◆ Action item ◆
The output should be limited to the line holding "Bryony Robertson tweet media" and the lines after it through the end of the entries, each restated exactly.

========

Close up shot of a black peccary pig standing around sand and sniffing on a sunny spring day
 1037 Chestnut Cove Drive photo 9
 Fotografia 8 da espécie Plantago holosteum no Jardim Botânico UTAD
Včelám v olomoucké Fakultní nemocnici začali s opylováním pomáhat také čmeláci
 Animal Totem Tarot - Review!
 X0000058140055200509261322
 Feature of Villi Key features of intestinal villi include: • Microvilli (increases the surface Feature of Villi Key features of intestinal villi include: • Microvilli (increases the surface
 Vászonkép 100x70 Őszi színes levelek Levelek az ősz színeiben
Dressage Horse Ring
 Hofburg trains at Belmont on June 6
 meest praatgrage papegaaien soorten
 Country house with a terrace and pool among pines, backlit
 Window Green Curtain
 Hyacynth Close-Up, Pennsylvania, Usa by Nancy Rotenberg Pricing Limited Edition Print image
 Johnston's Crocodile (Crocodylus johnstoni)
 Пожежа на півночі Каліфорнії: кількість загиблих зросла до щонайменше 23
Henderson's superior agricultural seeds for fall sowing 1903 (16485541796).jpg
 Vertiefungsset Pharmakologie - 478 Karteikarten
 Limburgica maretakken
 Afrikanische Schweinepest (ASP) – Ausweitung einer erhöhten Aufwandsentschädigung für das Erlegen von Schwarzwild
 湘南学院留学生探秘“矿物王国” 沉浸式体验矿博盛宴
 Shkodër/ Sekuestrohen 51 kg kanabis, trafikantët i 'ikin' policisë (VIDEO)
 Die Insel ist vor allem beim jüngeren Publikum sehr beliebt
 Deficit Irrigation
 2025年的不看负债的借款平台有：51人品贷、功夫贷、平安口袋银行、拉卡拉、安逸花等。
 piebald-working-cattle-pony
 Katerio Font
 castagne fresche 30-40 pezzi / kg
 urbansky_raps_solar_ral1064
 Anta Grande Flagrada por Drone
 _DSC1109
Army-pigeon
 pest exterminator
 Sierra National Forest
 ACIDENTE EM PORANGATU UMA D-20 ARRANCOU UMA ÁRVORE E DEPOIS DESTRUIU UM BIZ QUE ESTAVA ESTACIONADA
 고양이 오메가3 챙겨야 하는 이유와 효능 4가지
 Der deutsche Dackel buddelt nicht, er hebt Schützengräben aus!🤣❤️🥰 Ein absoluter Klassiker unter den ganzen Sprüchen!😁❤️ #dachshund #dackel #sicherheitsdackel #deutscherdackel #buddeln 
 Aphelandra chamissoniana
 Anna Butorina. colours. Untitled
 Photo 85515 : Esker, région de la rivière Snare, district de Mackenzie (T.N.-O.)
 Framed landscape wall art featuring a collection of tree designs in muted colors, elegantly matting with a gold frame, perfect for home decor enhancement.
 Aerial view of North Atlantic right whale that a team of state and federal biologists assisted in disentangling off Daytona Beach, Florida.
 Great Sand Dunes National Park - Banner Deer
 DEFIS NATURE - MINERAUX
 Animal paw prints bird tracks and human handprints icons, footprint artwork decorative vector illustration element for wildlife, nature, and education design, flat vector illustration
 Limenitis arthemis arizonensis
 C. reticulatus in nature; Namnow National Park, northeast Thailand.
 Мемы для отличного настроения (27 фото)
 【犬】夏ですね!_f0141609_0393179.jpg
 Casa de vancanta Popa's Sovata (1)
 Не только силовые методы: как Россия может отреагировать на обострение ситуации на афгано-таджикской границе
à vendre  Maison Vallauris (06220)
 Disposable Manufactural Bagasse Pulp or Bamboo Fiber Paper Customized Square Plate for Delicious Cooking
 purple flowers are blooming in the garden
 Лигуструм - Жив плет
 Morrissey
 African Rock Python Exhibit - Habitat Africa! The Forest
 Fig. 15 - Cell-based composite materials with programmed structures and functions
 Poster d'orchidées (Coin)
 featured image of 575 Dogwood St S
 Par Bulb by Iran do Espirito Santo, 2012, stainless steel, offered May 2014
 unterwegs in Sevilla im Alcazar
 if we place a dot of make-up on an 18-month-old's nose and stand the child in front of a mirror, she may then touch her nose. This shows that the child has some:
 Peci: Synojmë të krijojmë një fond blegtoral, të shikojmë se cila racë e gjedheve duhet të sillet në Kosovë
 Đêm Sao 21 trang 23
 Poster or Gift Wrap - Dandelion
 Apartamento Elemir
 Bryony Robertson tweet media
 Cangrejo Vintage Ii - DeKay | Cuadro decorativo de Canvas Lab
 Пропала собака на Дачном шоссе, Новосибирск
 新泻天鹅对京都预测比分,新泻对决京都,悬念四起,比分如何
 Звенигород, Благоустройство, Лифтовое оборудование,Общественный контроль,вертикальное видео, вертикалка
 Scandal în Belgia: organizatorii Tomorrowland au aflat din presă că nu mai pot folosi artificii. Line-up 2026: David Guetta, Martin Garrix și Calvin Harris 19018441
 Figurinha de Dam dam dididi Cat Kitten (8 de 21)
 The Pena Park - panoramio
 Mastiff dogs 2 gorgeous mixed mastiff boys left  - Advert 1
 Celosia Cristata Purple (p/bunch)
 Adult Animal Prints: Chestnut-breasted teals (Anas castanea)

========

◆ Task response ◆
 Bryony Robertson tweet media
 Cangrejo Vintage Ii - DeKay | Cuadro decorativo de Canvas Lab
 Пропала собака на Дачном шоссе, Новосибирск
 新泻天鹅对京都预测比分,新泻对决京都,悬念四起,比分如何
 Звенигород, Благоустройство, Лифтовое оборудование,Общественный контроль,вертикальное видео, вертикалка
 Scandal în Belgia: organizatorii Tomorrowland au aflat din presă că nu mai pot folosi artificii. Line-up 2026: David Guetta, Martin Garrix și Calvin Harris 19018441
 Figurinha de Dam dam dididi Cat Kitten (8 de 21)
 The Pena Park - panoramio
 Mastiff dogs 2 gorgeous mixed mastiff boys left  - Advert 1
 Celosia Cristata Purple (p/bunch)
 Adult Animal Prints: Chestnut-breasted teals (Anas castanea)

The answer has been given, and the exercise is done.